It was at the end of the 1970's that the South Beach area last got some serious work done to it. At that time the area that had at one time been the site of Wellington pit was landscaped, a car park was added and a long winding path created up to the Candlestick monument. This decorative chimney, with a design said to be based on one of the Lowther's candlesticks, was originally a chimney for boilers at for the coal mine.
The appearance of heavy plant and associated facilities on the South Beach car park announced it was time for some new landscaping. This is all part of the Whitehaven Coastal Project, developing the coastal path between Whitehaven and Haig Pit. It is sponsored by the National Trust, English Partnerships and The Land Restoration Trust.
A new set of steps leads directly up from the South Beach car park and the circuitous path has been resurfaced and new walls put in place.

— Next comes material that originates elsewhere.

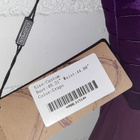 UUSI iltapuku 46 violetti liila satiini 3XL - pikkukuva 4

New signage has been created in the form of steel lettering and symbols.
The 'battlements', that were once part of Sidney Smirke's original castellated design for the Wellington pit have again been renewed with fresh red sandstone.
A new path has been created up towards Haig Pit mining museum to give access to cyclists and walkers.
The signs are graphical, again created in stainless steel on local red sandstone plinths.
Around the candlestick monument new paving has been laid and the paving stones have graphical insertions...
...and inscriptions reflect the words of the miners giving an atmosphere of the history of the locale. Further inscriptions have been placed along the new wall that follows the path up the hill.
Another feature is the Wellington terrace. New steps have been put in behind the John Paul Jones sculpture leading up behind the Wellington car park, where the Wellington pub once stood. These curving steps, that were blocked off for years, have been opened up and re-faced. Both stairways lead to a terrace above the car park with seating and an observation scope which has good views over the harbour and out to sea.
In October 2010 a new mosaic was revealed in a circular area below the Candlestick monument featuring scenes of sailing and mining.
Ceramic tiles of various sizes, shapes and colours, vividly portray the scenes of labour and through the picture runs a thread of poetry describing the scene.
The moasaic is very reminiscent of the soviet ones, celebrating the labours of the proletariat.
The words read as: Smell the salt air. John Paul Jones standing there. There's coal on the beach. Whitehaven's fingers reach. Underground. The world around.